Then administrators need to be very clear about their expectations for the programs, communicate that to candidates, and hire accordingly. If you want a glorified admissions rep who happens to know a little swimming and will keep everybody happy (cause that’s possible), then advertise your position as such. Don’t hire somebody with a power 5 assistant background, that wants to raise the level of the program and change the culture. If you are going to hire that type of person, then expect some bumps and support them through it.

I read the Pepperdine report. Nobody is perfect and maybe some things could have been done better, but hardly anything in there that would constitute somebody losing their job.

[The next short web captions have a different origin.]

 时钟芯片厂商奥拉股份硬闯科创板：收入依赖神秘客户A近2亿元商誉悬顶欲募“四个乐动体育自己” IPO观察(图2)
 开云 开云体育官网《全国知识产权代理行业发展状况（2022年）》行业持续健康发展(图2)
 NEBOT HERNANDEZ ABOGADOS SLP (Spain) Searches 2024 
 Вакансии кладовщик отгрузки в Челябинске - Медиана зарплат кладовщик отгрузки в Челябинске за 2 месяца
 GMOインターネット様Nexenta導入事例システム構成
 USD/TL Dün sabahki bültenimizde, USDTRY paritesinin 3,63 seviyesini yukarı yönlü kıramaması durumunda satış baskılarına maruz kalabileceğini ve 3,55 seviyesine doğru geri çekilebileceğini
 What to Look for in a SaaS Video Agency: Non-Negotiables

Someone with P5 assistant experience should know enough about elite-level D1 Swim/Dive or have enough mentors to know that Pepperdine…while an incredible school with the best view in the world….is not the place to raise the level of the program or build a culture, regardless of what the administration says. And if that is truly the goal, (and I find that hard to believe based on funding) ….the guns blazing rule applies…think 5-10 years, not two. Meet them where they are. Just in California you have…. Stanford, Cal, Southern Cal, UCLA, SDSU, UCSB, UC Davis, Fresno State, SJSU, and a few others that are well beyond the commitment level of Pepperdine….If I were advising a young coach about next steps… Read more »

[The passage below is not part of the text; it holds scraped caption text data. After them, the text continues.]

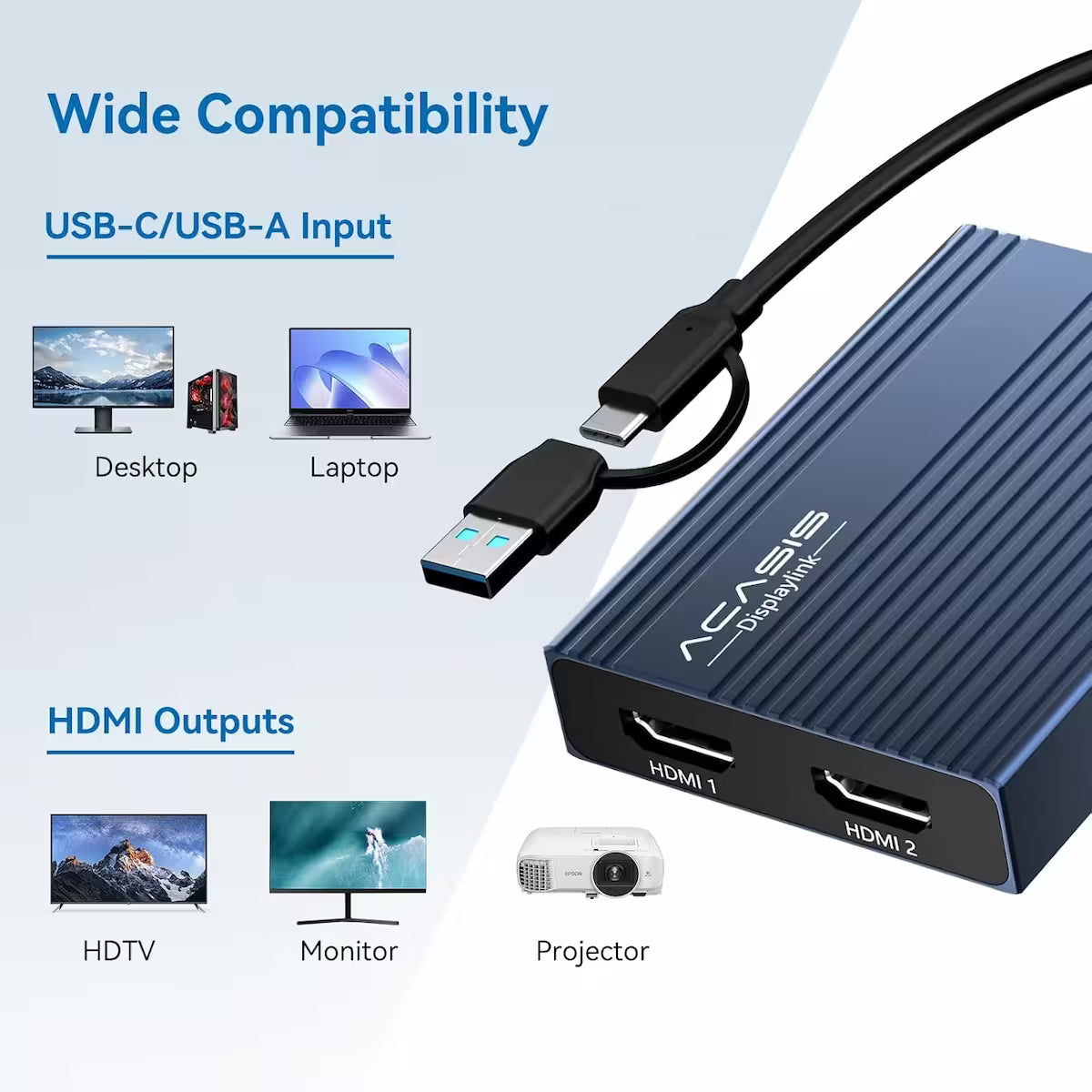 Acasis USB-C DisplayLink Dual 4K 60Hz HDMI Adapter – Dual Monitor Hub for Mac & PC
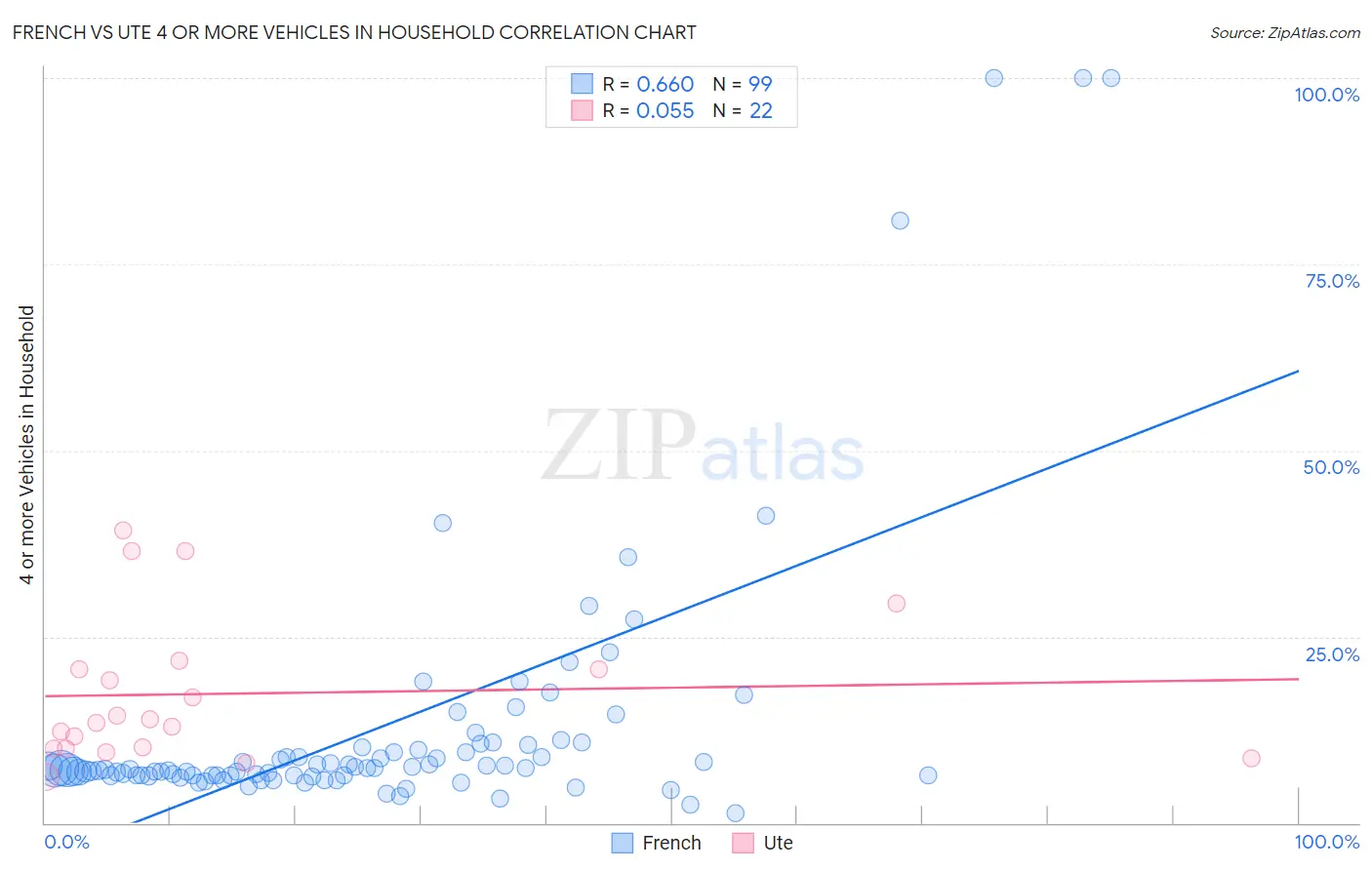French vs Ute 4 or more Vehicles in Household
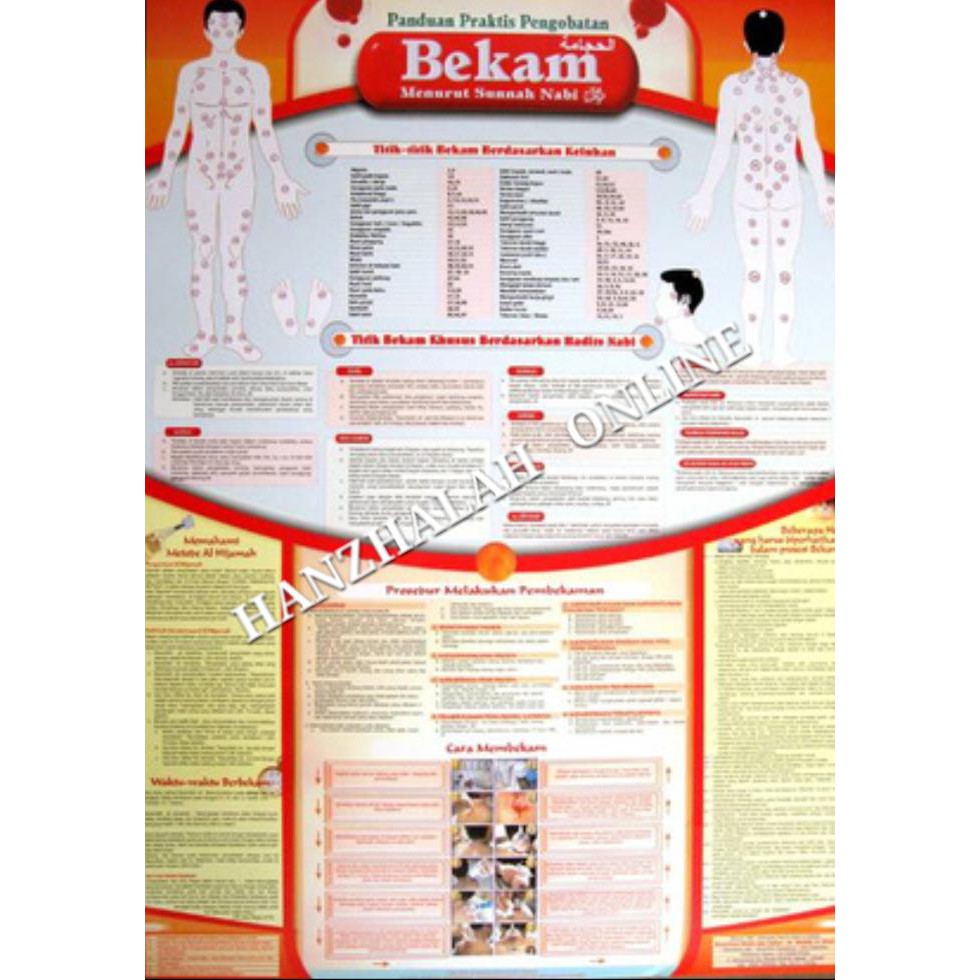 GAMBAT TITIK BEKAM / PANDUAN PRAKTIS BEKAM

Negative votes shows how out of touch some of us are in regards to student-athlete time demands and who really wields the power in today’s NCAA….The old-school “my way or the highway” approach still works….sure….and coaches are the ones who will hit the highway.


The coach probably thought the athletic dept would back him. He should have allowed the old swimmers to age out of the program before hitting the reset switch. Put yourself in his shoes… walk out on the deck and you instantly know half(or more) of the swimmers don’t belong on a D1 program. So you know they don’t belong and by being there they are wasting your time and valuable program resources. I would be inclined to just cut all the swimmers who couldn’t make a B final in their lowly conference meet.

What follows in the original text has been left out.